Note that in most respects, section 457 represents a limit on what could otherwise be deferred, not an enhanced benefit. A governmental employer that is not permitted to have a 457 plan could have an unfunded nonqualified deferred compensation plan that could allow for unlimited deferrals, rather than being limited to the $17,500 that could be deferred under a 457 plan. Because a government is not subject to ERISA, such a plan would not have to be limited to highly compensated and management employees, the way an unfunded deferred compensation plan for a private employer would. The only disadvantages of such a plan over a governmental 457 plan would be that it could not allow rollovers and could not be funded.

However, in the case of an ITG, the uncertainty over whether a 457 plan is permissible means that whatever approach you take carries risks. If you attempt to adopt a 457 plan, and it is found not to be a 457 plan, the fact that it is funded could cause negative tax consequences for participants.

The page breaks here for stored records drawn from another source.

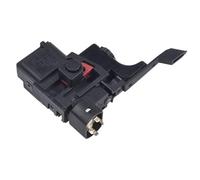 UTTASU Interruptor para Bosch GBM13-2RE PBH240RE GBH2SR PSB500R | Sustitución de interruptores defectuosos de encendido/apagado; taladro percutor y taladro de impacto; transmisión de fuerza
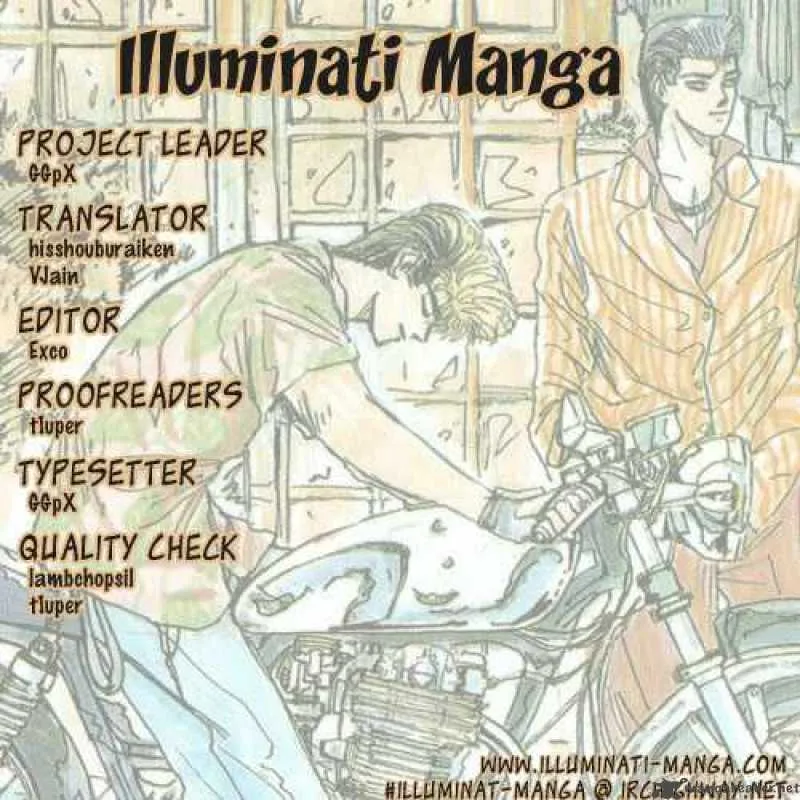 Shounan Junai Gumi Chapter 48 page 20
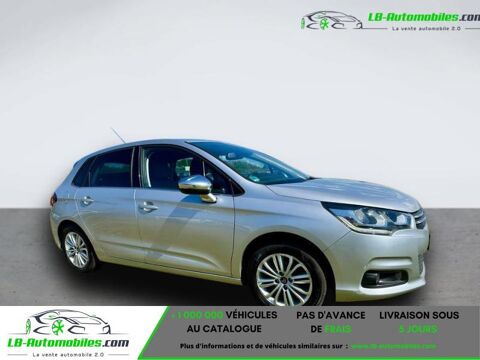Citroen c4 Citroën  PureTech 110 BVM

If you attempt to adopt an unfunded deferred compensation plan outside of 457, and 457 is found to apply, then 457(f) could cause negative tax consequences to participants.

By contrast, it is clear that an ITG can have a 414(h) pick-up feature, as section 414(h) explicitly states as follows:

For purposes of paragraph (1), in the case of any plan established by the government of any State or political subdivision thereof, or by any agency or instrumentality of any of the foregoing, or a governmental plan described in the last sentence of section 414(d) (relating to plans of Indian tribal governments), where the contributions of employing units are designated as employee contributions but where any employing unit picks up the contributions, the contributions so picked up shall be treated as employer contributions. [Emphasis added.]

Of course, unlike a 457 plan, a pick-up arrangement cannot allow for employees to change the amount of their contributions from year to year.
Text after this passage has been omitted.